Laut AKNÖ-Informationen wurden im AMS-Frühwarnsystem bis zu 650 Shire-Mitarbeiter zur Kündigung angemeldet. Davon seien zwei Drittel am Standort Orth an der Donau (Bezirk Gänserndorf) und ein Drittel in Wien tätig. Wie viele Arbeitsplätze tatsächlich abgebaut werden, werde sich erst herausstellen.

Laut Firmenangaben werden u.a. ein zentrales Prozessentwicklungs-Team und die Plasma-Qualitätskontrolle nach Wien verlegt. “Wien, als der aktuell größte Shire Standort in Österreich, wird mit dem Transfer der Plasma-Qualitätskontrolle und dem Aufbau eines globalen Kompetenzzentrums für Abfüllung eine zunehmend bedeutende Rolle im Shire Netzwerk spielen”, teilte das Unternehmen mit. Parallel dazu werde ein “Innovations-Hub” in Österreich errichtet, in dem sich das Forschungsteam in Orth künftig auf Gentherapie und Hämatologie fokussiere.
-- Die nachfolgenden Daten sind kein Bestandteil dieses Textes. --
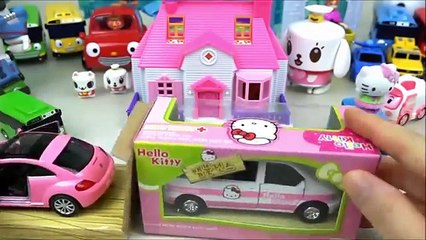 Hello Kitty car toys camping bus and Ambulance Pororo Robocar Poli toys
Eine kleinere Forschungs- und nicht-klinische Entwicklungsabteilung bleibe in Orth, der Rest der Kompetenzen werde im britischen Cambridge gebündelt.

Shire beschäftigt 4.000 Mitarbeiter in Österreich

Das Unternehmen begründete die Entscheidung, diverse Bereiche zu verlagern, mit einer strategischen Studie zum Produktionsnetzwerk, die nach der Übernahme von Baxalta durchgeführt worden sei. Mit dem Assessment soll dem Unternehmen zufolge das interne und externe Versorgungsnetz analysiert und optimiert werden. Die Ergebnisse seien an die Mitarbeiter kommuniziert worden.

Im Juni 2016 wurde die Fusion des britisch-irischen Unternehmens Shire und Baxalta Incorporated abgeschlossen. Shire beschäftigt derzeit 4.000 Mitarbeiter in Österreich in mehreren Gebäuden in Wien sowie in Orth an der Donau. Der Standort in Krems wurde im Vorjahr geschlossen. Betroffen waren 65 Mitarbeiter, die am Aufbau beteiligt gewesen waren.